Les Halles D'Anjou
- Location: Montreal, Quebec
- Coordinates: 45°35′53″N 73°34′4″W﻿ / ﻿45.59806°N 73.56778°W
- Address: 7500 Galeries d'Anjou Blvd. Anjou, Quebec H1M 3M4
- Opened: 1981
- Management: Sandalwood Management
- Owner: Sandalwood Management
- Stores: 40
- Anchor tenants: 2
- Floor area: 106,100 sq ft (9,860 m^{2}).
- Floors: 1
- Parking: 755
- Website: www.hallesdanjou.com/en/home.html

= Les Halles D'Anjou =

Les Halles D'Anjou is a small-sized shopping mall located in the Anjou borough of Montreal, Quebec, Canada.
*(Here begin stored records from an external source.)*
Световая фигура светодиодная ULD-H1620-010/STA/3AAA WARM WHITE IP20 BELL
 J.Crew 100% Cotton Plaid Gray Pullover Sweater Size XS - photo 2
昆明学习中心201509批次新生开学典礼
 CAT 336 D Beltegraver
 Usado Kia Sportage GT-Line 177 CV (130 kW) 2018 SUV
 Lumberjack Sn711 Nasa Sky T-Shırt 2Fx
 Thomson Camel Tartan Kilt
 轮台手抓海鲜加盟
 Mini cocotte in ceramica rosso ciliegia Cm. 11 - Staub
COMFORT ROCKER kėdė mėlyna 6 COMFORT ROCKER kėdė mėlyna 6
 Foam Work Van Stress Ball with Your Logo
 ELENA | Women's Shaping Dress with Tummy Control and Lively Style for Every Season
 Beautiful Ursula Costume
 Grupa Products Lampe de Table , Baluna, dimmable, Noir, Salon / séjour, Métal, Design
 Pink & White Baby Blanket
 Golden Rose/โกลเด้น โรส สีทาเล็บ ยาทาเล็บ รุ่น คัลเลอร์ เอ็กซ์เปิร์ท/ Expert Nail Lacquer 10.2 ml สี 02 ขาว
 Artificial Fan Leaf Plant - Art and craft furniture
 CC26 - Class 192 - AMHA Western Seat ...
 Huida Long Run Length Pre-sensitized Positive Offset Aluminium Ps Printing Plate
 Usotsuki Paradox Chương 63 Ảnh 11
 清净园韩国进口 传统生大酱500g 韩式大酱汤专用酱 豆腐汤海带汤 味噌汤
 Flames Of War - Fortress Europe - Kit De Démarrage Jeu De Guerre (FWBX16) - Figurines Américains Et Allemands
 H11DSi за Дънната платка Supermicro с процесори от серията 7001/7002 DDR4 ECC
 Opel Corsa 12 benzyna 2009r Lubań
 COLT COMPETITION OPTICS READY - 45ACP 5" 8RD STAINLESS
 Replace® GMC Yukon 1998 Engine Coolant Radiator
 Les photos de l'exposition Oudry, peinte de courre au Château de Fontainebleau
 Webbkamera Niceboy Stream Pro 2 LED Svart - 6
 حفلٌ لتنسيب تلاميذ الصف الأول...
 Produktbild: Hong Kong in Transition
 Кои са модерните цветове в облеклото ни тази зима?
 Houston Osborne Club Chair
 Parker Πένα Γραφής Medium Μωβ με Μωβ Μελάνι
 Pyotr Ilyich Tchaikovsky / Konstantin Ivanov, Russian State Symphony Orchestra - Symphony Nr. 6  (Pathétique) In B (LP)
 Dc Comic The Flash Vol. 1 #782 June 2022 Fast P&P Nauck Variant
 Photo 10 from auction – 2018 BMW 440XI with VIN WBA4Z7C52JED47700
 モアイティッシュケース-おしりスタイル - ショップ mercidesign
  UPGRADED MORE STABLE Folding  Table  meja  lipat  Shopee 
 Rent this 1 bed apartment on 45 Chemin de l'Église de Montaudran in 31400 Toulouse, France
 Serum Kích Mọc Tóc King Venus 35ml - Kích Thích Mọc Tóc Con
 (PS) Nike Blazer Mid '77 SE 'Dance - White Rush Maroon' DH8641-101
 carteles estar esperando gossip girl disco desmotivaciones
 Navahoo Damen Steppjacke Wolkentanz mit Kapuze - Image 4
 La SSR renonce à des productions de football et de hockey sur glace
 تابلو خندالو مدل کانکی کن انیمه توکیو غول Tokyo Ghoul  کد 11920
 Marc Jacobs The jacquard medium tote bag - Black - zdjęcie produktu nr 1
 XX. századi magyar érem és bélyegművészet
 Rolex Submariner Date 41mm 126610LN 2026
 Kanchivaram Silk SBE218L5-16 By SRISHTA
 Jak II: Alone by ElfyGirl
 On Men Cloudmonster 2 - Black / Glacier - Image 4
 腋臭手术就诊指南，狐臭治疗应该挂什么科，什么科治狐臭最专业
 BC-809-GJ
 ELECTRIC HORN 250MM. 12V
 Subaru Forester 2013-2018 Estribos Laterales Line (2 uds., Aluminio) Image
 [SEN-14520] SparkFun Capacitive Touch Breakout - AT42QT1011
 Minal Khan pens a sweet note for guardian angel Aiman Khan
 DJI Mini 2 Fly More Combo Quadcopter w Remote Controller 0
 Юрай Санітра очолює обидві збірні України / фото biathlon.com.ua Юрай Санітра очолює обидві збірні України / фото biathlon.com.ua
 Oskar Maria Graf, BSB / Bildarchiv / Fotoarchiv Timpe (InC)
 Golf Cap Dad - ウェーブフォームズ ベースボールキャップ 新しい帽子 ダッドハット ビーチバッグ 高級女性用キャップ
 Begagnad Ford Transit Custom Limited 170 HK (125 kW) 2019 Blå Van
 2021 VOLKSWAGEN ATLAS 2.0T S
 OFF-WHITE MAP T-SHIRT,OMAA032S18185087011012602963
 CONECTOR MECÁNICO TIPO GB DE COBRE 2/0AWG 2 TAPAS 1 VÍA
Tenants include Archambault and the Fruiterie 440 supermarket. It is located on Des Galeries-D'Anjou Boulevard, facing the larger CF Galeries D'Anjou mall.

== History ==
Les Halles D'Anjou started as a farmer's market in 1981, and was a common public place for families to gather. It had rides for children to pass the time while their parents shopped. The farmer's market continues to operate seasonally. Family events continue to take place at the mall.

Archambault and the Fruiterie 440 supermarket are the mall's anchor tenants. Other retailers include Dollarama, Uniprix and the Odessa seafood market.